Exercise requirements: Please print, exactly, only the lines in the entries below from the line that has "Deluisemuppets.jpg (666 KB)" through the line that has "Caetano do Sul". Pictures don't go in.

═════ Data to process ═════

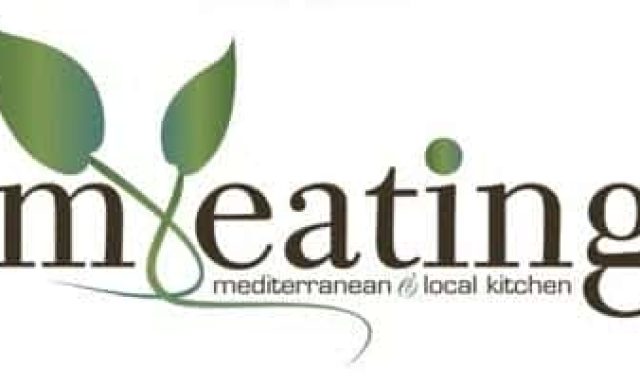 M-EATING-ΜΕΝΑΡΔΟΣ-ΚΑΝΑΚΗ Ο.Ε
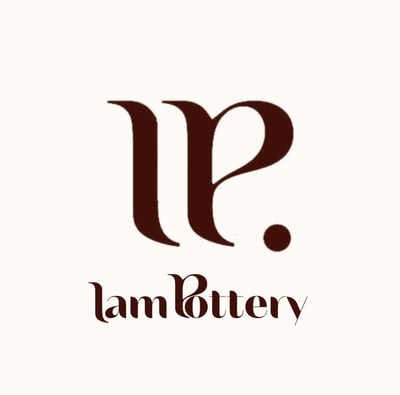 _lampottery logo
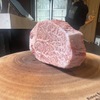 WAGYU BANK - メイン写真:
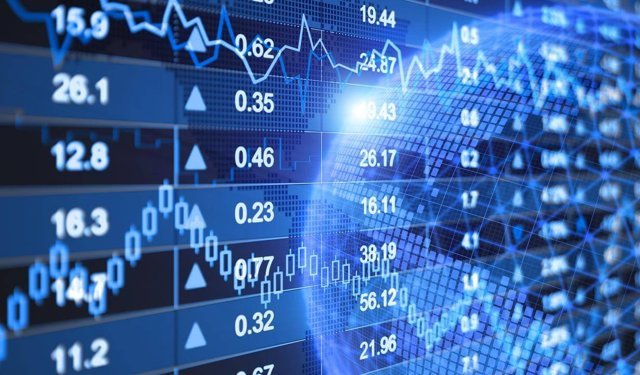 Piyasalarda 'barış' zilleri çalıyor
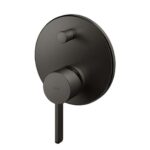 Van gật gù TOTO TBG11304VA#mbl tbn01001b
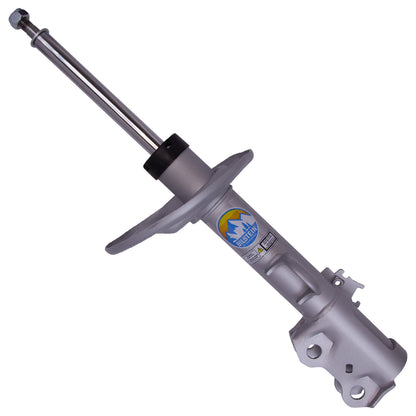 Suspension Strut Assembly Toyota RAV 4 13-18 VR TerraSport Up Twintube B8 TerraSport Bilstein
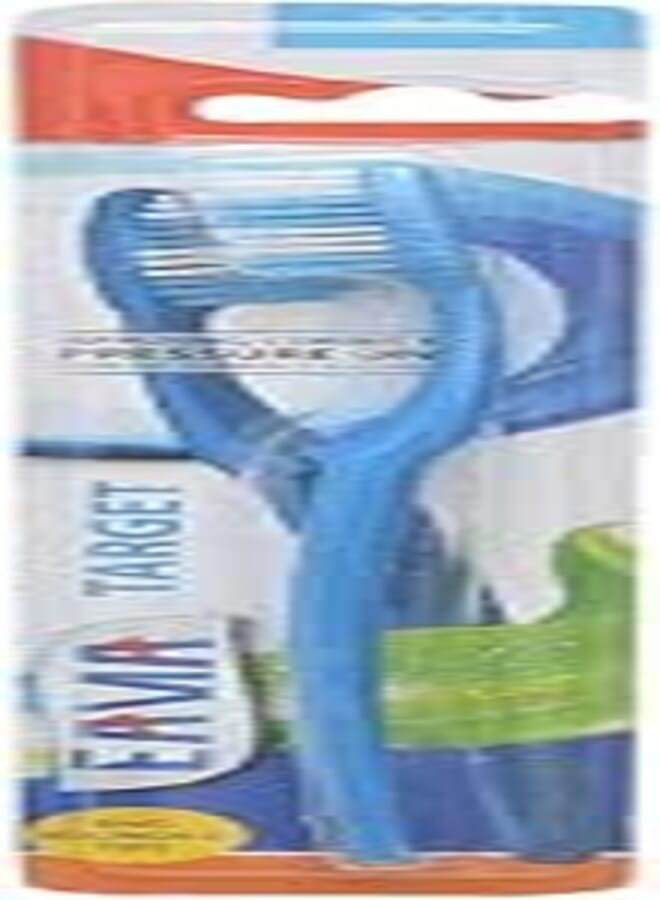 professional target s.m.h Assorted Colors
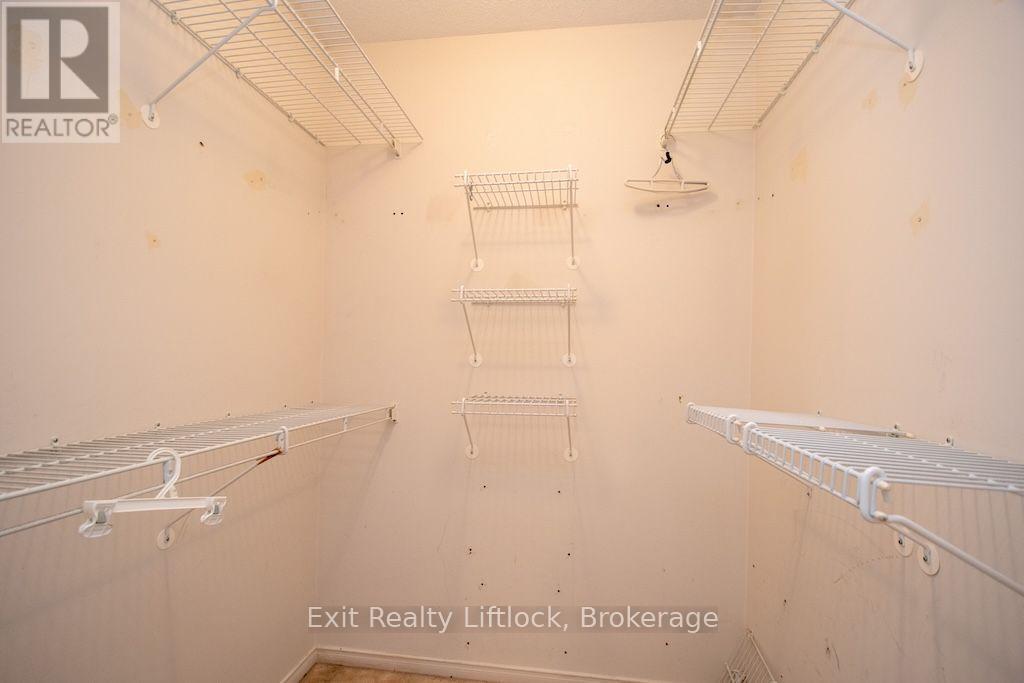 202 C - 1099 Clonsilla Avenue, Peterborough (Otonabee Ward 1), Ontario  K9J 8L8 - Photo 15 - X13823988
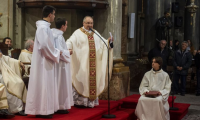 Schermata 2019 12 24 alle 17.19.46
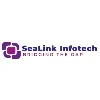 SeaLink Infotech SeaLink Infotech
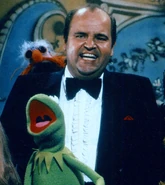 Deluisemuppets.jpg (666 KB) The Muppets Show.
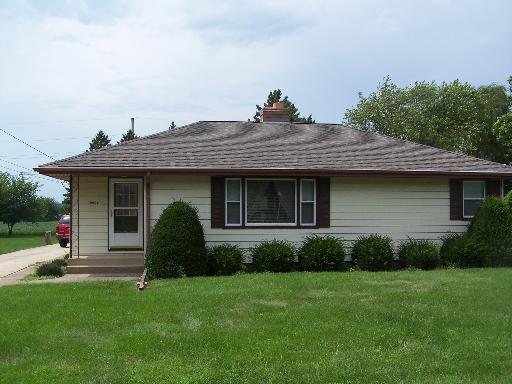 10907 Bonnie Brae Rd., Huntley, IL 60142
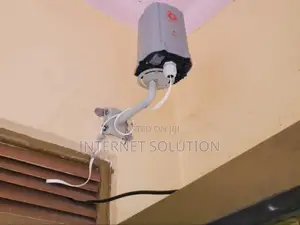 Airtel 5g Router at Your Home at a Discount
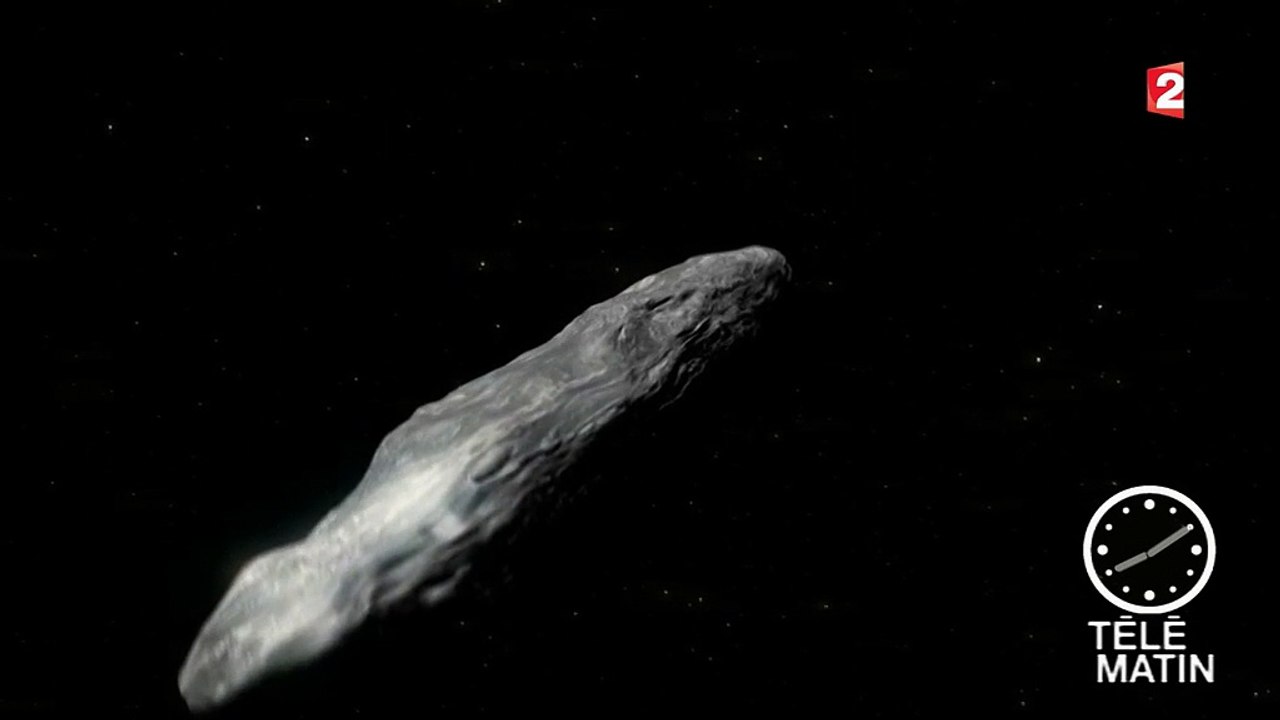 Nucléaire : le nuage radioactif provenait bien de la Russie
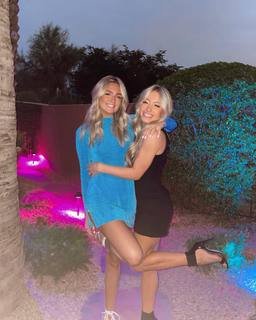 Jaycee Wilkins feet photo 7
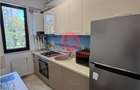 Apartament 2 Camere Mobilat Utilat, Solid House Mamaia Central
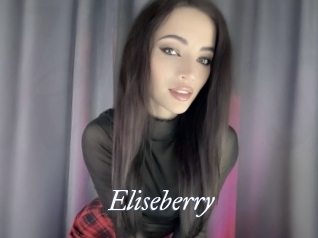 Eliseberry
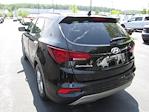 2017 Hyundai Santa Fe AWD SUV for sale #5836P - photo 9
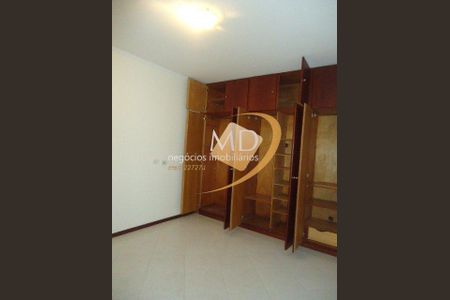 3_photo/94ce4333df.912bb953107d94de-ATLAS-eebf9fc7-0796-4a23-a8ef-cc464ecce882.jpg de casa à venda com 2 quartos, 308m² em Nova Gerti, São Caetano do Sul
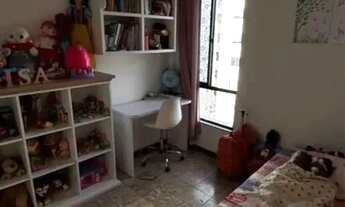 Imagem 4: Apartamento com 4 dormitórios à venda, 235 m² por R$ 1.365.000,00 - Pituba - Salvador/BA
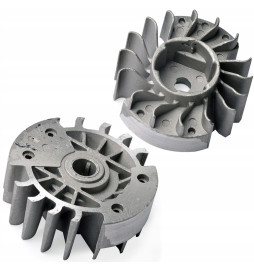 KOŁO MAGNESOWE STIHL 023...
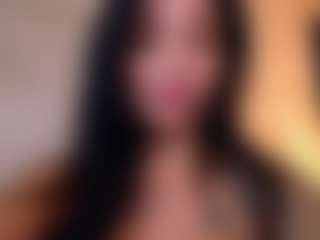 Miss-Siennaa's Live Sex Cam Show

═════

Exercise result:
 Deluisemuppets.jpg (666 KB) The Muppets Show.
 10907 Bonnie Brae Rd., Huntley, IL 60142
 Airtel 5g Router at Your Home at a Discount
 Nucléaire : le nuage radioactif provenait bien de la Russie
 Jaycee Wilkins feet photo 7
 Apartament 2 Camere Mobilat Utilat, Solid House Mamaia Central
 Eliseberry
 2017 Hyundai Santa Fe AWD SUV for sale #5836P - photo 9
 3_photo/94ce4333df.912bb953107d94de-ATLAS-eebf9fc7-0796-4a23-a8ef-cc464ecce882.jpg de casa à venda com 2 quartos, 308m² em Nova Gerti, São Caetano do Sul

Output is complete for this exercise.